高可用性#

  1. 验证头节点是否对集群节点具有电源控制。

    1% device
    2% power -c  dgx-h100 status
    3[-head1->device]%  power -c  dgx-h100 status
    4ipmi0 .................... [   ON    ]  bcm-dgx-h100-01
    5ipmi0 .................... [   ON    ]  bcm-dgx-h100-02
    6ipmi0 .................... [   ON    ]  bcm-dgx-h100-03
    7ipmi0 .................... [   ON    ]  bcm-dgx-h100-04
    8[bcm-head-01->device]%
    
  2. 关闭集群节点电源。

    在配置 HA 之前,必须关闭集群节点电源。

    1% power -c  dgx-h100 off
    2ipmi0 .................... [   OFF   ] bcm-dgx-h100-01
    3ipmi0 .................... [   OFF   ] bcm-dgx-h100-02
    4ipmi0 .................... [   OFF   ] bcm-dgx-h100-03
    5ipmi0 .................... [   OFF   ] bcm-dgx-h100-04
    
  3. 以 root 用户在主头节点上启动 cmha-setup CLI 向导。

    # cmha-setup
    
  4. 选择 Setup,然后选择 SELECT

    _images/high-availability-01.png
  5. 选择 Configure,然后选择 NEXT

    _images/high-availability-02.png
  6. 验证 cmha-setup 中找到的集群许可证信息是否正确,然后选择 CONTINUE

    _images/high-availability-03.png
  7. 配置一个外部虚拟 IP 地址,该地址将由 HA 配置中的活动头节点使用,然后选择 NEXT

    这将是始终应用于访问活动头节点的 IP 地址。

    _images/high-availability-04.png
  8. 提供一个内部虚拟 IP 地址,该地址将由 HA 配置中的活动头节点使用。

    _images/high-availability-05.png
  9. 提供辅助头节点的名称,然后选择 NEXT

    _images/high-availability-06.png
  10. 由于 DGX SuperPOD 使用内部网络作为故障转移网络,请选择 SKIP

    _images/high-availability-07.png
  11. 配置向导即将创建的辅助头节点的 IP 地址,然后选择 NEXT

    _images/high-availability-08.png
  12. 向导显示其收集的信息摘要。VIP 将分别分配给内部和外部接口。

    _images/high-availability-09.png
  13. 选择 Yes 以继续进行故障转移配置。

    _images/high-availability-10.png
  14. 输入 root 密码,然后选择 OK

    _images/high-availability-11.png
  15. 向导执行 HA 配置的初始步骤。如果所有步骤都显示 OK,请按 ENTER 继续。进度将在此处显示。

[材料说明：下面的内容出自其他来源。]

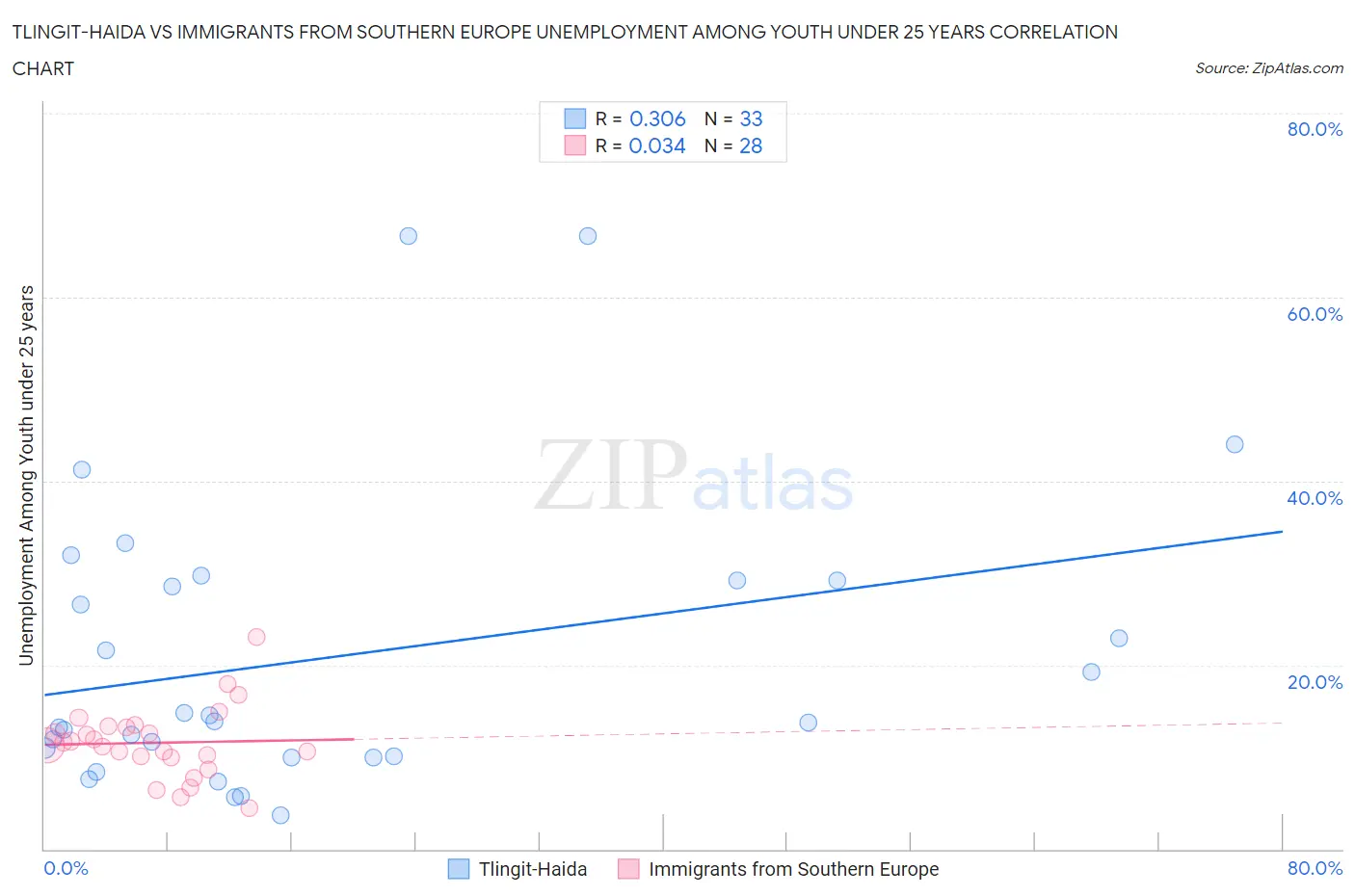 Tlingit-Haida vs Immigrants from Southern Europe Unemployment Among Youth under 25 years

    1Initializing failover setup on master.............. [  OK  ]
    2Updating shared internal interface................. [  OK  ]
    3Updating shared external interface................. [  OK  ]
    4Updating extra shared internal interfaces.......... [  OK  ]
    5Cloning head node.................................. [  OK  ]
    6Updating secondary master interfaces............... [  OK  ]
    7Updating Failover Object........................... [  OK  ]
    8Restarting cmdaemon................................ [  OK  ]
    9Press any key to continue
    
  16. 当主节点上的故障转移设置安装完成后,选择 OK 退出向导。

    _images/high-availability-12.png
  17. PXE 启动辅助头节点,然后从 grub 菜单中选择 RESCUE

    由于这是此节点的初始启动,因此必须在 Base Command Manager (BMC 或物理电源按钮) 之外完成。

  18. 从 grub 菜单中选择 RESCUE

    _images/high-availability-13.png
  19. 在辅助头节点启动到救援环境后,运行 /cm/cm-clone-install --failover 命令,然后在提示时输入 YES

    辅助头节点将从主节点克隆。

    _images/high-availability-14.png
  20. 克隆完成后,输入 y 以重启辅助头节点。

    必须将辅助节点设置为从其硬盘驱动器启动。不应启用 PXE 启动。

  21. 等待辅助头节点重启,然后在主头节点上继续 HA 设置过程。

    _images/high-availability-15.png
  22. cmha-setup 菜单中选择 Finalize,然后选择 NEXT

    这会将 MySQL 数据库从主节点克隆到辅助头节点。

    _images/high-availability-16.png
  23. 在确认屏幕上选择 CONTINUE

    _images/high-availability-17.png
  24. 输入 root 密码,然后选择 OK

    _images/high-availability-18.png
  25. cmha-setup 向导继续。在提示时按 ENTER 继续。

    _images/high-availability-19.png

    进度将在此处显示

     1Updating secondary master mac address.............. [  OK  ]
     2Initializing failover setup on bcm-head-02......... [  OK  ]
     3Stopping cmdaemon.................................. [  OK  ]
     4Cloning cmdaemon database.......................... [  OK  ]
     5Checking database consistency...................... [  OK  ]
     6Starting cmdaemon, chkconfig services.............. [  OK  ]
     7Cloning workload manager databases................. [  OK  ]
     8Cloning additional databases....................... [  OK  ]
     9Update DB permissions.............................. [  OK  ]
    10Checking for dedicated failover network............ [  OK  ]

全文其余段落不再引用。